Patrick on September 12, 2018:
I would refrain from saying things like having "indians" lined up to be killed. For one, Native American is much more accurate and respectful. Also, if I were a Native American I would be very offended I imagine. This is not consistent with the morals of the time period in which we live today
JourneyHolm (author) on May 05, 2017:
Jennifer, I enjoyed your poetic description of "...we do not KNOW for SURE that if we don't do Horrible Deed X, then Even Worse Thing Y will happen. We THINK it will. Or we think X MIGHT help us prevent Y ... so we torture a guy..." Your mind is reeling in complex analogies. You've given me a lot to think about. Thank you for your addition to this idea :)
Jennifer Mugrage from Columbus, Ohio on May 05, 2017:
Thanks for bringing this up.
I'm not a student of philosophy, but I've thought about these things a bit because utilitarian philosophy has really crept in to popular thought. You see it a lot in spy or action movies: An action that we would normally consider wrong or even deeply depraved, is considered justified or even required because "If we don't do it, people will die." Think Jack Bauer torturing (presumed) terrorists. Or getting himself hooked on drugs to infiltrate a drug ring.
The problem with all these thought experiments is that they are usually a lot more neat and tidy than real life is. Usually we do not KNOW for SURE that if we don't do Horrible Deed X, then Even Worse Thing Y will happen. We THINK it will. Or we think X MIGHT help us prevent Y ... so we torture a guy, but it's not directly saving lives, it's more of a fishing expedition.
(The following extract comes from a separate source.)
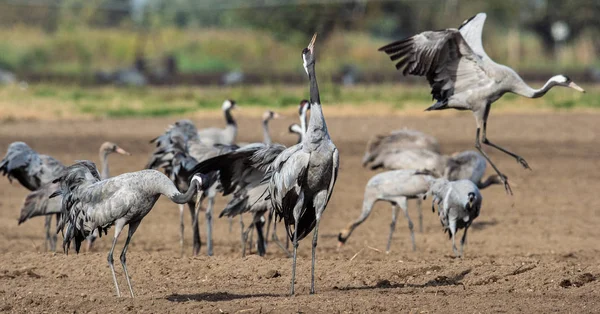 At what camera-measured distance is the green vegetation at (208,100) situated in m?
24.5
In real life, sometimes we choose not to shoot the Indian, and it turns out Pedro doesn't kill the others. Or, we do the thing that goes against our conscience, and it fails to prevent greater evil as we had been told it would.
Sorry if I'm getting preachy. I think it's very important to think these things out, because we will be faced with situations where we're told, using utilitarian logic, that we must or ought to do something that goes against our conscience, because it will serve the greater good or save someone's life or something. It helps to be clear beforehand that, for example, we think murdering an innocent person is always wrong, no matter the danger of not doing so. To be sure that we would rather die ourselves, than join the mob.
About your poll, I didn't vote. Of course we are not responsible for EVERY thing we don't prevent, because we are limited in time, resources, and power. And of course, we are responsible for preventing SOME things that are in our proper domain ... e.g. preventing our child from drowning.
JourneyHolm (author) on March 09, 2017:
CJ Kelly, thanks for the review. What did you think? Please include the link if you're sharing. Thanks!
CJ Kelly from the PNW on March 09, 2017:
Learned a lot. Thx. Lots to think about. Sharing.